Some family members said they feared the decision to remove Capt. Crozier at the height of the crisis on the ship would slow the response, while others called it an act of retribution.

Capt. Crozier “called out the Navy, and that is why this is happening to him,” said a family member of one sailor, referring to Capt. Crozier. “He was only looking out for his sailors and this is what happens to him. It’s all about covering up for themselves.”

The post of aircraft carrier commander is among the Navy’s top jobs. Capt. Crozier is a 28-year veteran who has served as a naval aviator and officer around the world, including during the Iraq war. His removal was reported earlier Thursday by Reuters.

The Roosevelt was the first U.S. military vessel to suffer an outbreak of coronavirus while at sea. While officials don’t know how the virus came onto the ship, roughly 30 sailors had stayed at a hotel during a port visit in Vietnam earlier in March.

Initially, two sailors tested positive for the virus two weeks ago. The number has since jumped to more than 100 and is expected to keep growing, Navy officials said.

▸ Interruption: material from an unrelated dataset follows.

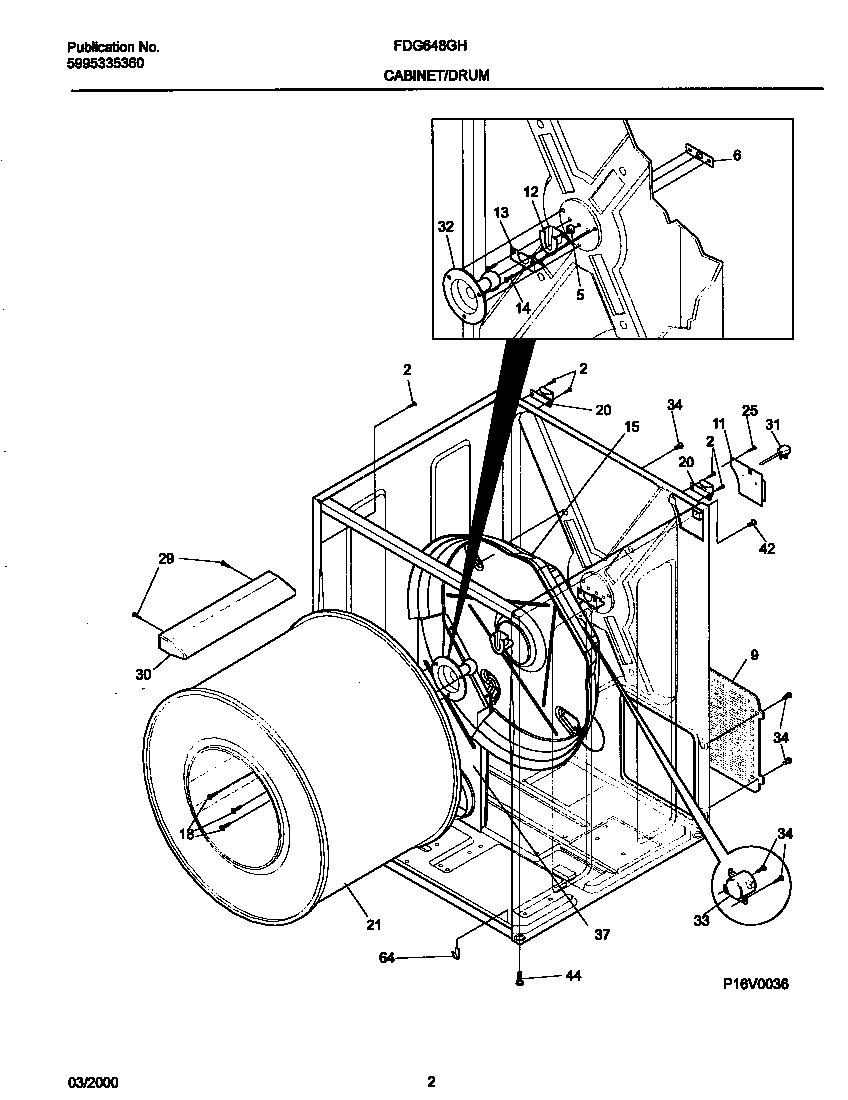 Frigidaire FDG648GHS0 p16v0036 dry cab,heater diagram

The Navy last week airlifted the first several infected sailors from the aircraft carrier to medical facilities and stressed that the ship would be able to respond to any threat.

Days later, the vessel docked in Guam, where it is expected to be for weeks as sailors undergo testing and treatment.

At a news conference on Wednesday, a day before the removal, Mr. Modly had said that leaking the memo to a news organization would constitute a violation of Navy policy, and he wouldn’t rule out disciplinary action.

On Thursday, Mr. Modly said that the memo was published in Capt. Crozier’s hometown newspaper, the San Francisco Chronicle, but wouldn’t say whether he believes Capt. Crozier leaked the memo to the publication.

He said Capt. Crozier sent the memo to a “broad array of people,” resulting in it being leaked. He wouldn’t say who received copies of the memo from Capt. Crozier, only that it went to as many as 30 people.